Caption Files and Attribution Reversal in LLMs
Another win for the "fancy search result" framework
I’ve been trying to figure out why Gemini (and I imagine other LLMs) will sometimes get an exact line from a film right, but attribute it to the wrong person. For instance, if you put a Clark Gable line “he’d bite your finger off just for fun” from Mogambo into AI Overview, you get this, which attributes it to Ava Gardner:

There are a bunch of errors here, including the idea that the warning about getting a finger bitten off is about a panther (it’s actually about a chimp). But the dialogue attribution really doesn’t make any sense. Clark Gable is the person who owns the animals here. Why would Ava Gardner, a globe-trotting “playgirl” fresh off the boat from New York City, be warning him?
I set up an inspector on my Arc film fact-checker to see what grounding searches were bringing back. It took a while but the inspector is going to be invaluable, and I am embarrassed I didn’t set it up before. Here is the search grounding for the related quote “We dine at nine.” which happens right after the “bite your finger off” quote:

Do you see item #4 there? SubtitleCat? That’s your answer to why the attribution reversal is happening.
Because the answer to how the error comes about is actually ridiculously simple. And it might explain a lot of film errors in LLMs.
Here’s what’s happening. For most films of note there is an “srt” file that someone somewhere has uploaded to the internet. This is a file of captions and timings, but no character names:

When you’re watching the film, of course, it’s obvious who says what to whom. But left with only a caption file and a smattering of online conversation about surrounding scenes in the film it does its best mapping.
Think about this, though. What this means is for many films the most detailed description of what happens on screen has no character names or actions in it at all. Everything has to be intuited from a lines that aren’t associated with characters, show no scene breaks, have no settings other than what characters might mention about the settings. We start to understand how my fact-checker can precisely tell you how many minutes into a film a specific scene is, but then place it at a military fort instead of a church.
What’s the solution? For Arc, my filmic fact-checker, I think it is probably to have it:
Make its dialogue attributions in the scene explicit — internally produce the sequence of attributed lines.
Use a variety of search strategies to test those attributions, and reattribute as necessary, including using random less authoritative sites where the lines are attributed, and using reasoning to ask whether the attributions make sense.
Only then move on to the description.
I probably won’t get to it until this weekend. But I have a hunch that the caption file problem is also behind some misattribution of action as well, and may be responsible for a whole host of weirdness. We’ll find out!
A Broader Lesson
I know many of my readers are not technical, and maybe a lot of people have not made it this far. But there is a lesson here! There’s a lot of talk about how LLMs “think” and that’s well and good. But so much of the conversation is based on the LLMs of 2023, before search grounding. When people talk about stochastic parrots or autocomplete on steroids, that’s what they are talking about. When people say “No one knows where the information is coming from” that’s also what people are talking about.
That’s not how these things work anymore! Yes, it is the underlying technology that pulls the whole apparatus together, and yes that part is opaque. But tool use — like the search grounding calls — is inspectable, and rather than trying to guess where in a training set of billions of documents the information came from, for that portion we can see a very small set of inputs into the answer, and make fairly sound inferences about what is going on.
I don’t mean to undersell the notion that so much of how these things work remains a mystery. But there is a sort of learned helplessness even among critics that assumes reasoning in these things is completely uninspectable. That is not true, not by a long shot. And if that’s what we’re teaching our students we are doing them a grave disservice.

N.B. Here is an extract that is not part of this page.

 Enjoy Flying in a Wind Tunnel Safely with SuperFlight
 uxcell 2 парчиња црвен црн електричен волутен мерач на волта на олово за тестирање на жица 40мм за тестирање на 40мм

A key improvement to LLMs might have to be the LLM having a sense of uncertainty and replying "I don't know", instead of giving uncertain answers without ever being in doubt. And I doubt that is possible, given the techniques involved, but some improvement in this direction may be possible.
Second, given how much work you have to do to get more reliability of results (and that only in a specific domain you know well) aren't you wondering about how much you are putting in and how much the LLM is putting in?